A machine learning module: and constructing a model by using a long and short term memory neural network (LSTM) which is commonly used for processing sequence data, inputting the preprocessed feature vector, and judging whether Webshell communication exists in user access. Once Webshell communication is detected, we can pinpoint anomalous sessions and accurately find the Webshell file using statistical methods.

Claims

1. A Webshell detection method based on log session is characterized in that: the device comprises a data processing module and a machine learning module.

2. The Webshell detection method based on the log session as recited in claim 1, wherein the data processing comprises the following specific steps:

A. extracting a log generated when the Web server operates;

B. extracting host IP, request, time, referrer, status, bytes and user-agent fields in the log entry by using a regular matching mode;

C. subdividing a request field into a method and a path which respectively represent a request method and a request path;

D. encoding a method character: taking 2 when the position is POST, taking 1 when the position is GET, and taking 0 when the position is other;

E. encoding the referrer field: when the value is null, the link from the local station is marked as 1, the link from the external station is marked as 3, and if the link is a web crawler, the link is marked as 2;

F. the path field is encoded with the relevance of each entry access path in the session: the first entry of each session is coded as-1, because it has no access in front, the relative relationship cannot be distinguished; accessing the same file and marking as 0, when accessing different files, calculating the distance of different files according to the switching times of the directory to encode, and finally adding 1 to all values;

g. perform rough session identification with user-agent through host IP;

H. calculating and counting the time difference between the items in each session, and taking the quantile value at 70% as a threshold value for judging whether to continue to subdivide the session (the 70% quantile value is the most appropriate threshold value obtained by experiments);

I. in each roughly generated session, the time interval between every two entries is compared with a threshold value, and if greater than this value, the session is subdivided into two smaller sessions, and so on for accurate identification.
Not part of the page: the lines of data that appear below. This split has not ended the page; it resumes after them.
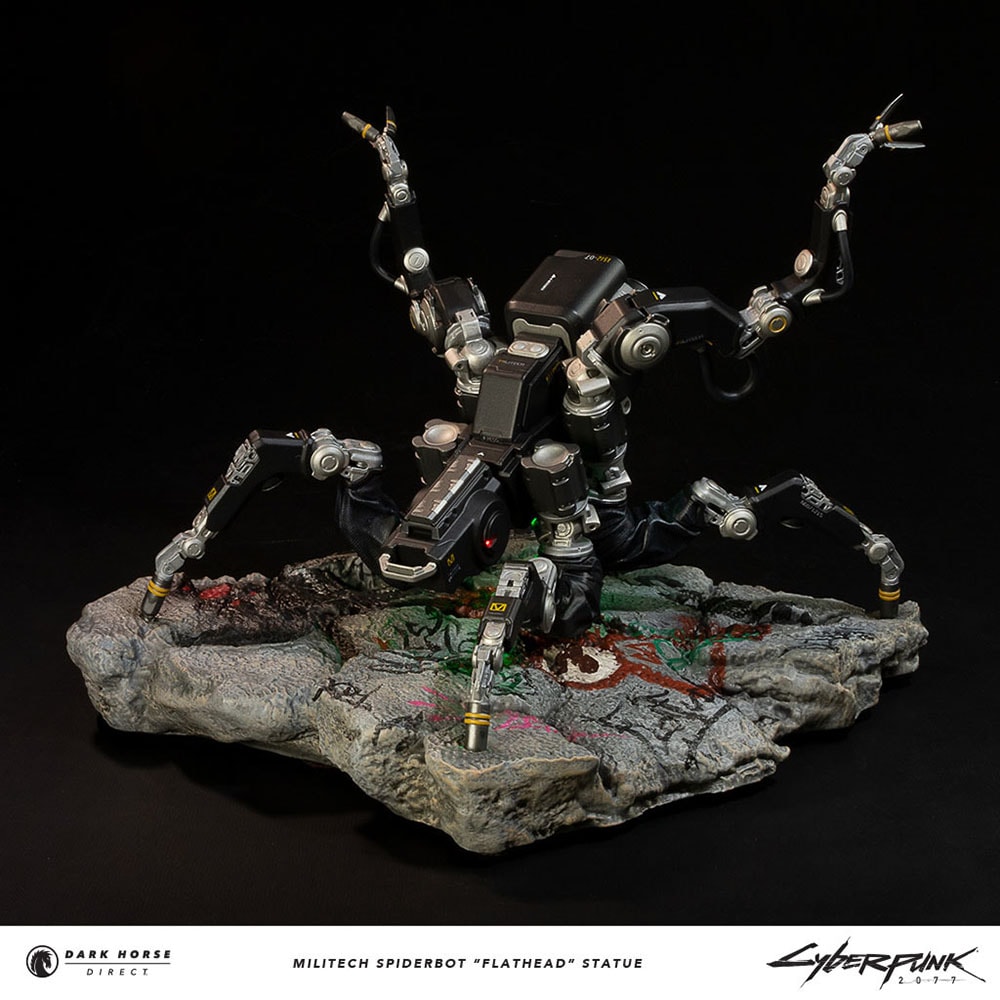 Militech Spiderbot "Flathead"- Prototype Shown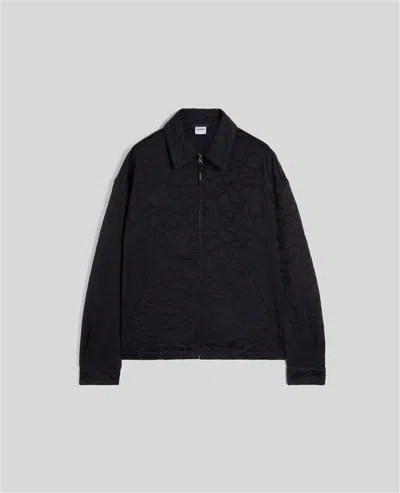 Aspesi Giubbotto In Jacquard Di Cotone - Navy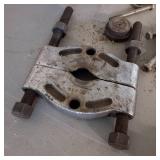 Large lot of vintage mechanical pullers, used for removing gears, bearings, or pulleys from shafts.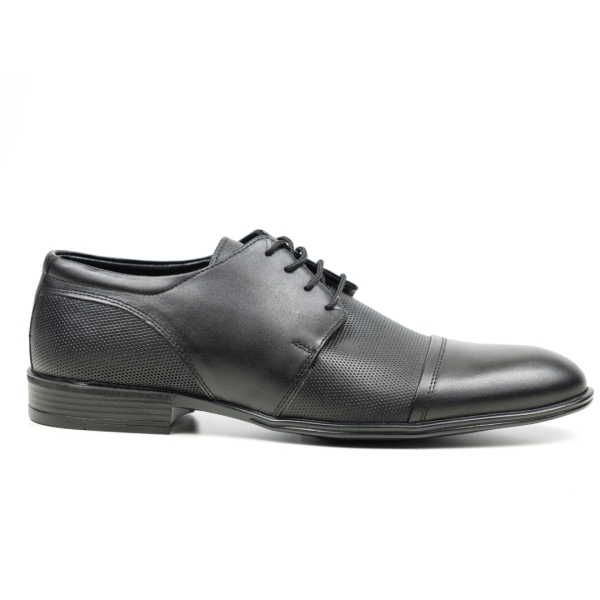 Мъжки елегантни обувки от естествена кожа черни 2067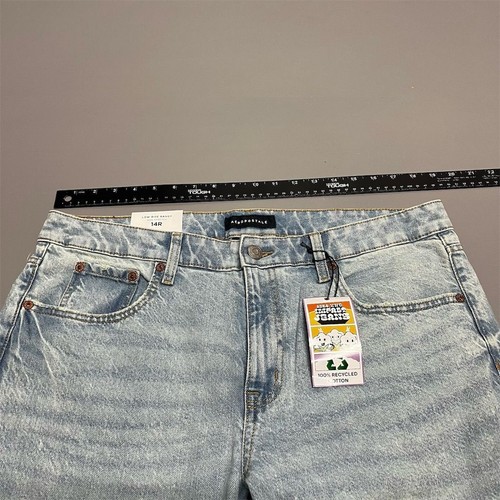 Aeropostale Low Rise Baggy Jeans Women 14R Light Wash Y2K 100% Cotton Denim - Picture 13 of 14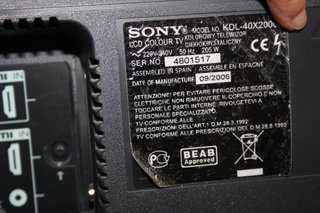 TV Sony Bravia Engine KDL
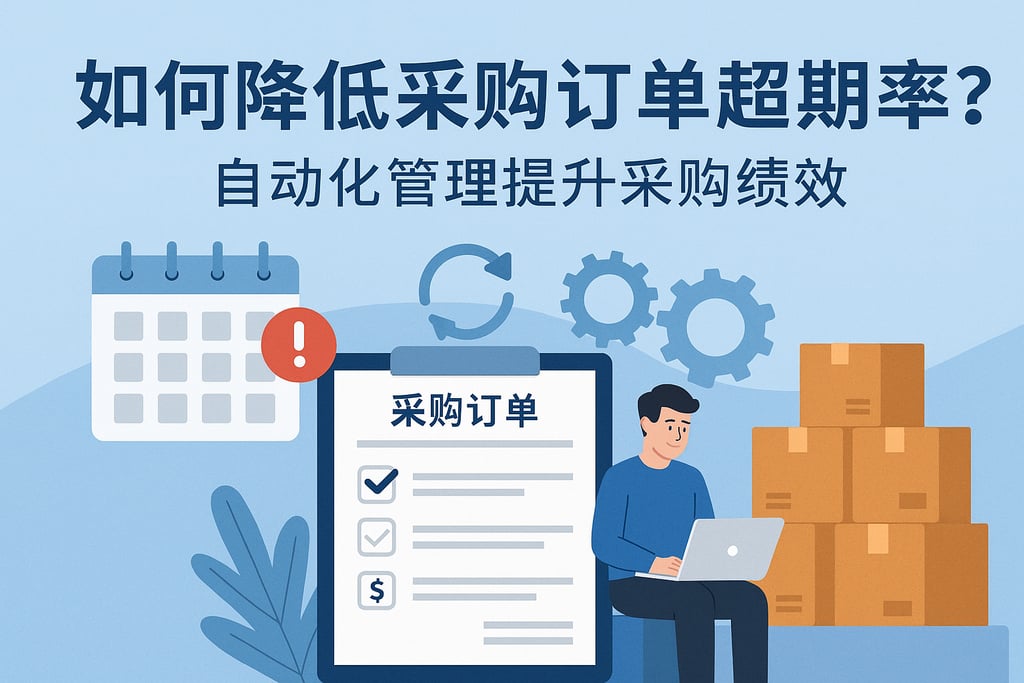 采购订单超期率如何降低？自动化管理提升采购绩效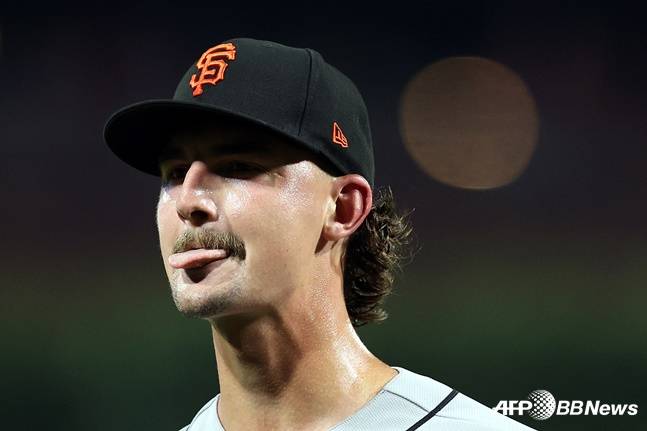 샌프란시스코 투수 션 젤리. /AFPBBNews=뉴스1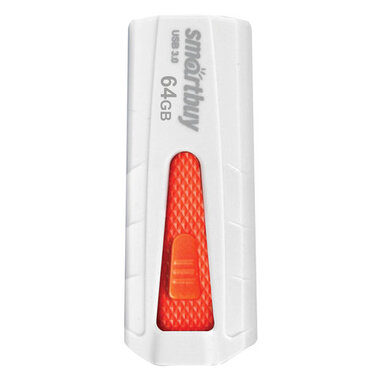 USB флеш SMARTBUY 64GB IRON WHITE/RED USB3.0 SB64GBIR-W3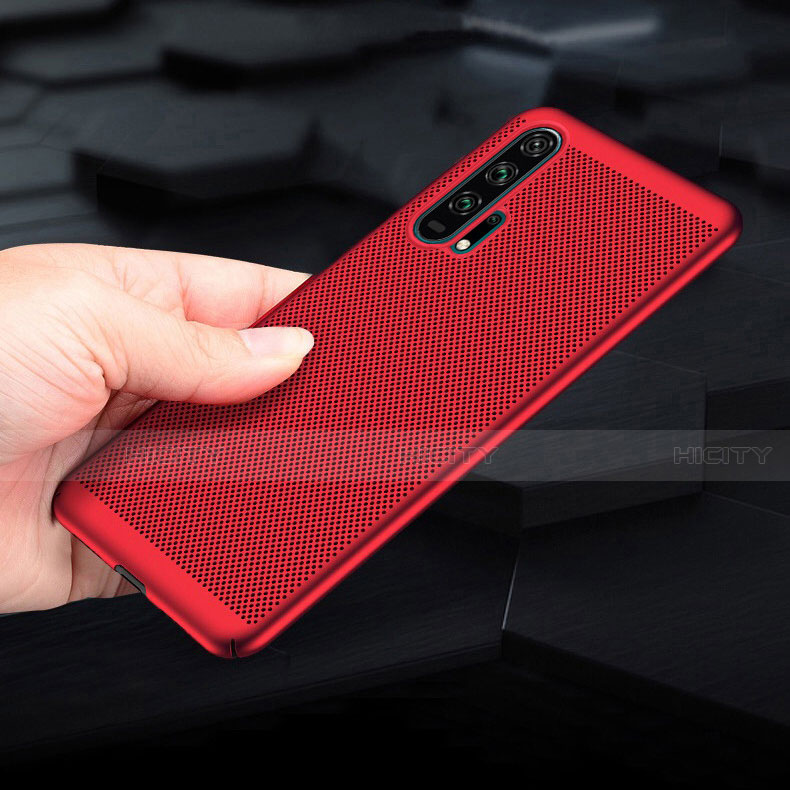 Funda Dura Plastico Rigida Carcasa Perforada W01 para Huawei Honor 20 Pro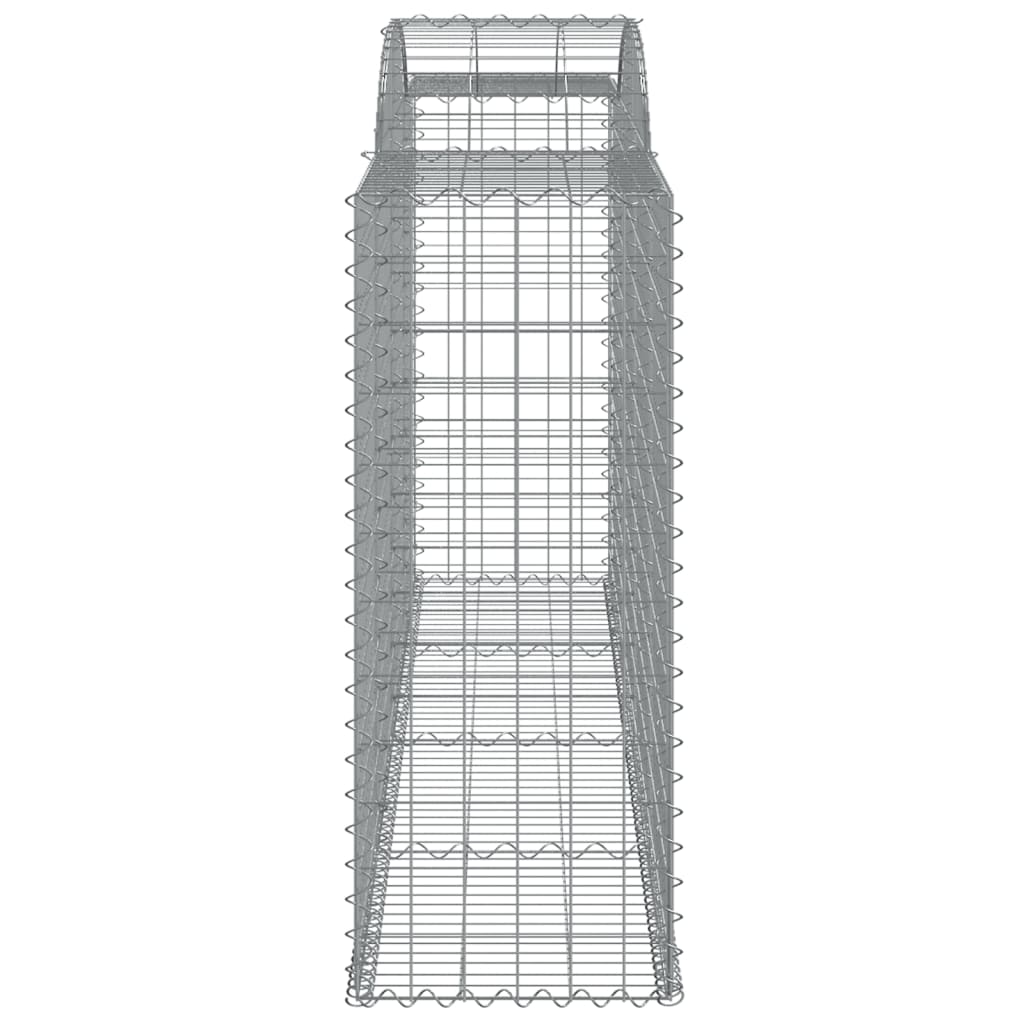Arched Gabion Baskets 8 pcs 300x50x120/140 cm Galvanised Iron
3. The Webshell detection method based on the log session as claimed in claim 1, wherein: the specific steps of machine learning include:

A. constructing a model by using a long and short term memory neural network (LSTM) which is commonly used for processing sequence data, inputting the preprocessed feature vector, and judging whether Webshell communication exists in user access;

B. once Webshell communication is detected, we can pinpoint anomalous sessions and accurately find the Webshell file using statistical methods.